Akan tetapi, hal itu tertutupi dengan iming-iming janji uang yang bisa berlipat ganda tanpa kerja keras.
Modernisasi tanggung
Pemakaman korban pembunuhan dukun pengganda uang di Desa Balun, Kecamatan Wanyasa, Banjarnegara, Jawa Tengah, Selasa (4/4/2023) sore. (KOMPAS.com/FADLAN MUKHTAR ZAIN) Sementara itu, sosiolog Universitas Negeri Sebelas Maret (UNS) Surakarta Drajat Tri Kartono menilai, kepercayaan akan dukun pengganda uang ini merupakan dampak dari modernisasi di Indonesia yang tidak radikal.
Meski semangat modernisasi dengan memompa rasionalitas terus berlangsung di bangku sekolah, tetapi masih ada tradisi-tradisi yang memang sengaja tidak dihentikan.
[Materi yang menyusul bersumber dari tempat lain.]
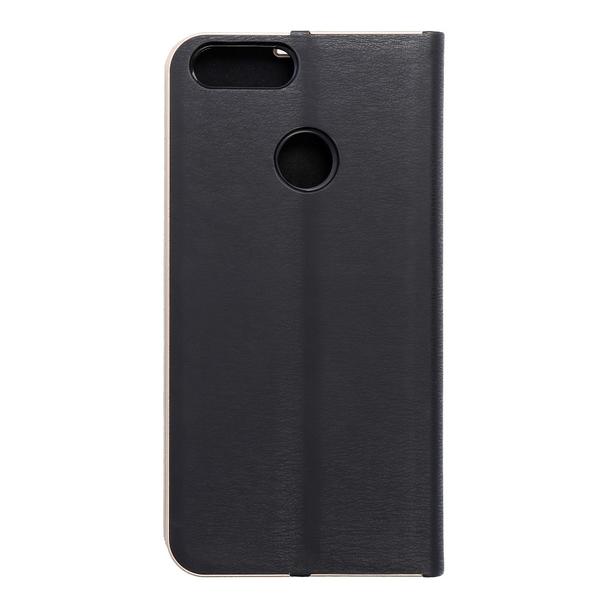 Etui z klapką na Huawei P SMART Luna Book Gold czarne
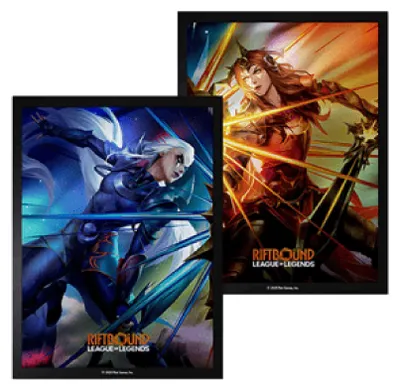 Image de Protège-cartes Vendetta Art pour le jeu de cartes à collectionner Riftbound League of Legends 100 pièces (Plusieurs variantes)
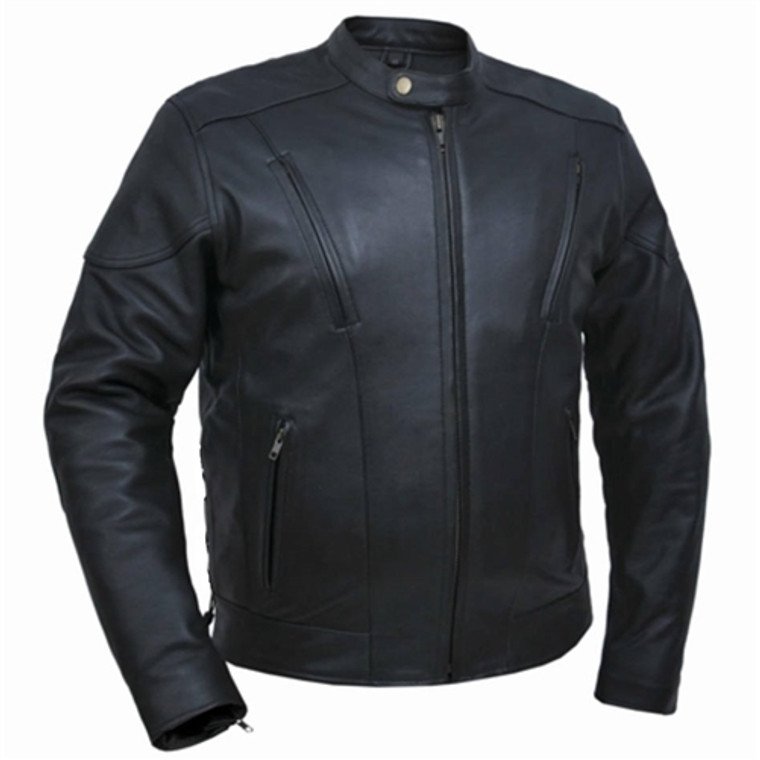 Premium Leather Men's Motorcycle Jacket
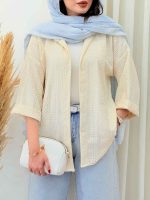 شومیز طرح لوزی ساحل کد 6678 - تصویر 15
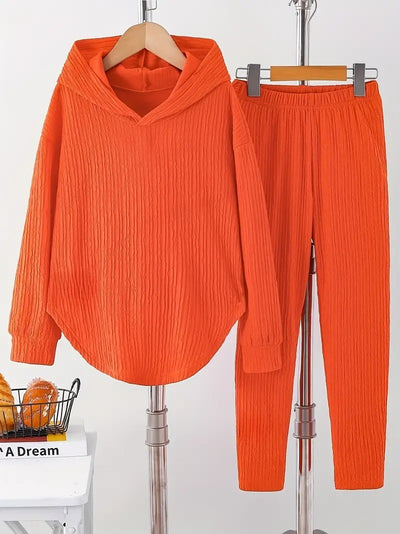 Women's Long Sleeve Hooded shirt Pants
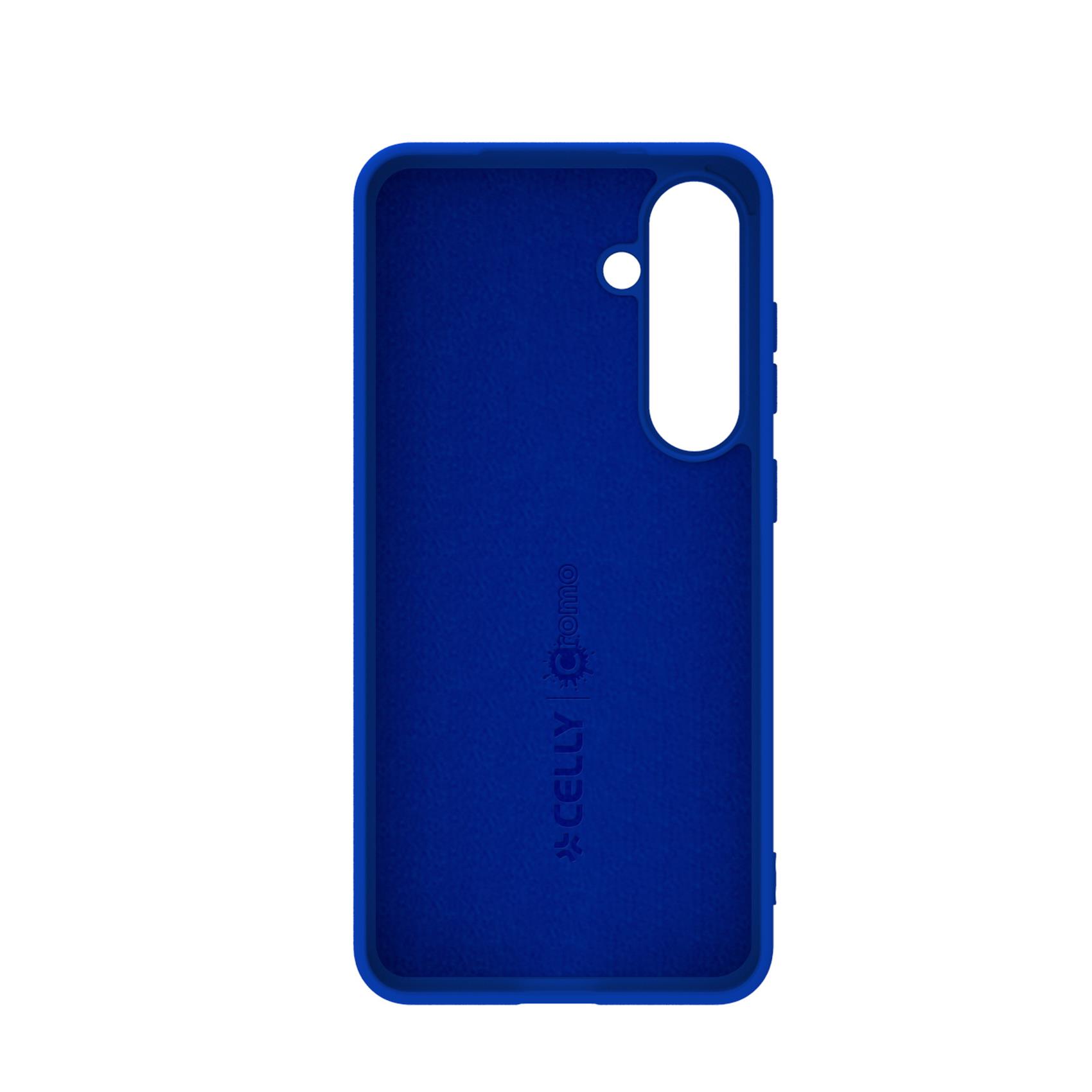 Cover Celly CROMO per Samsung Galaxy S24+ 5G Blu - immagine 10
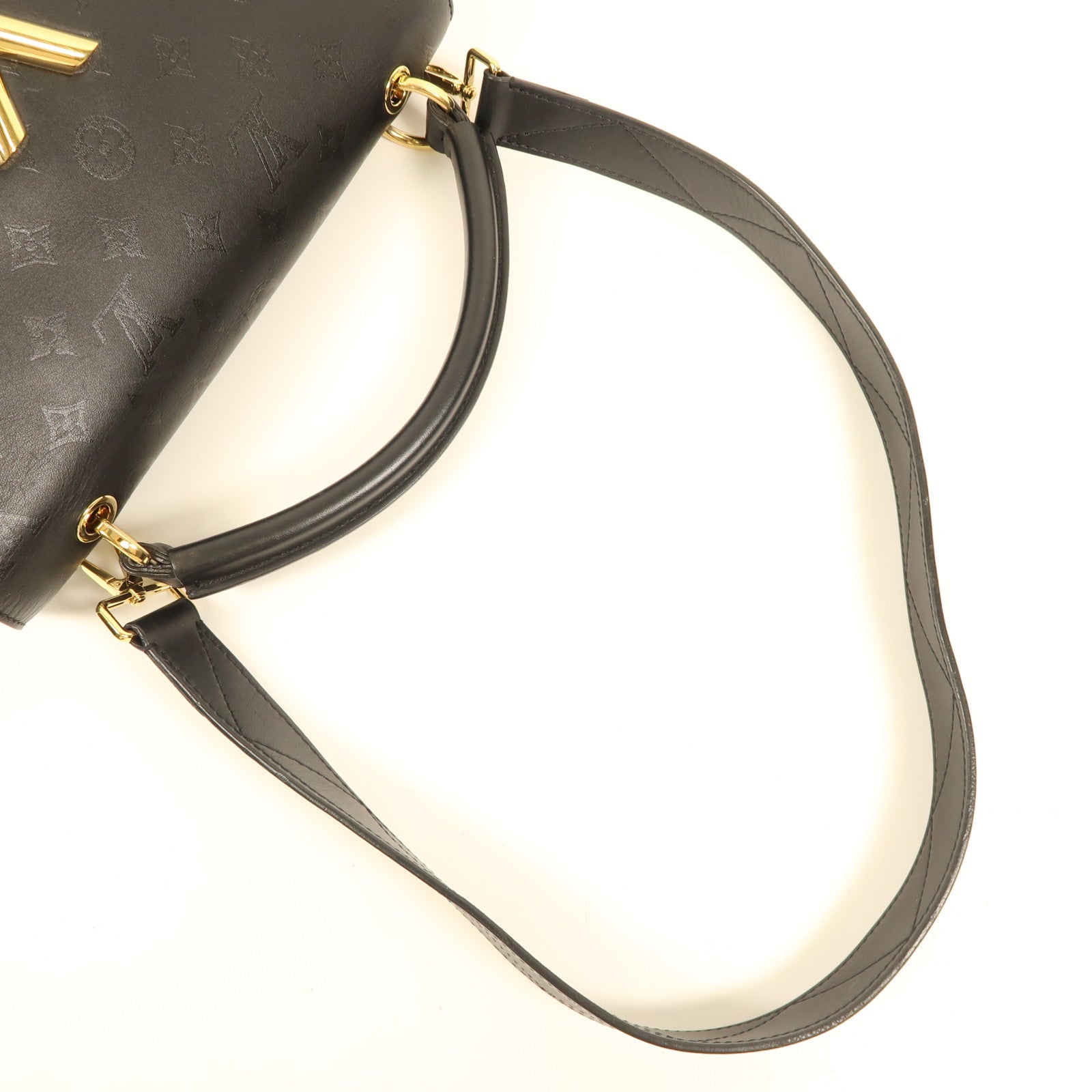 LOUIS VUITTON 牛皮皮革Very One Handle金扣手挽肩背兩用袋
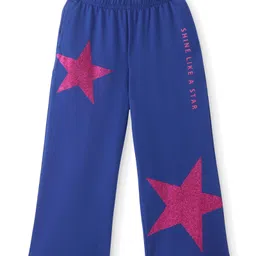 Pine Kids Full Length Comfort Fit Lounge Pants with Glitter Stars - Navy Blue-picture-49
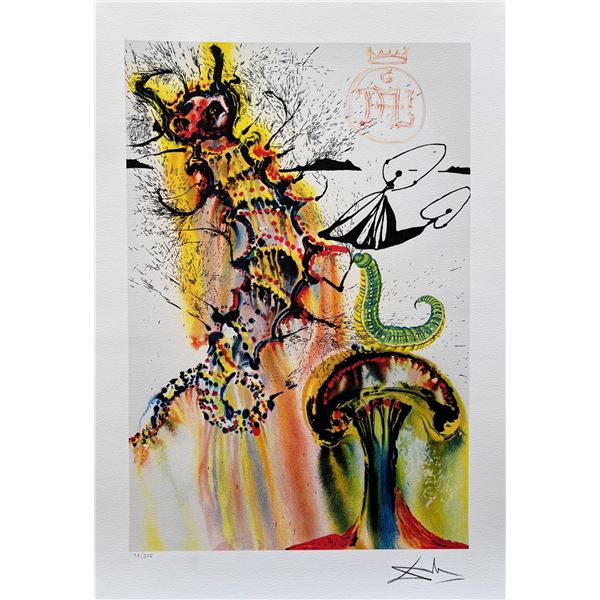 Salvador Dali ADVICE FROM A CATERPILLAR Facsimile Signed Numbered Giclee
“Jadi konsepsi orang pintar di kita itu menjadi dua, pintar cerdas karena berilmu rasionalitas dan logika, kemudian orang ‘pintar’ yang dianggap mampu mengerti dunia-dunia yang tidak kasat mata,” kata Drajat saat dihubungi secara terpisah, Rabu.
Menariknya, dalam dunia orang ‘pintar’ atau perdukunan, ada banyak spesialisasi, seperti untuk ekonomi dengan cara pesugihan dan menggandakan uang.
Bagi masyarakat tertentu, kelebihan yang ditawarkan oleh dukun ini tidak kalah dengan dunia rasionalitas.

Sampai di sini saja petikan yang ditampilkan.